The idea is to repeatedly apply the following algorithm:
- Determine the parity of the number of $a$'s, deleting every second $a$ on the way.
- Determine the parity of the number of $b$'s, deleting every second $b$ on the way.
- Accept if there were no $a$'s or $b$'s.
- Reject if the parities are different.
- Jump back to Step 1.
Each phase of the algorithm takes $O(n)$ steps, and there are $O(\log n)$ phases, for a total of $O(n\log n)$.

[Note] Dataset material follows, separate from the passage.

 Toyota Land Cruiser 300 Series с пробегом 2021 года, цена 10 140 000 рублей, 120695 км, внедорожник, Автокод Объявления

As an aside, using crossing sequences you can prove a matching lower bound of $\Omega(n\log n)$. Consider all inputs of the form $a^ib^{n-i} a^nb^n b^ja^{n-j}$. Such an input should be accepted iff $i = j$. For every input $x$, trace the execution of the Turing machine. When it crosses from the $n$th letter to the $(n+1)$th letter, record the state $\sigma$ of the Turing machine, and wait until the Turing machine crosses from the $2n$th letter to the $(2n+1)$th letter, at which time add $\sigma$ to the crossing sequence, and go back to waiting for it to cross from the $n$th letter to the $(n+1)$th letter. A cut-and-paste argument shows that the crossing sequence must depend on $i$, and so must be of length $\Omega(\log n)$ in the worst case, where the hidden constant depends on the number of states in the machine. Since it takes the machine $n$ steps to add a state to the crossing sequence, we obtain a lower bound of $\Omega(n \log n)$.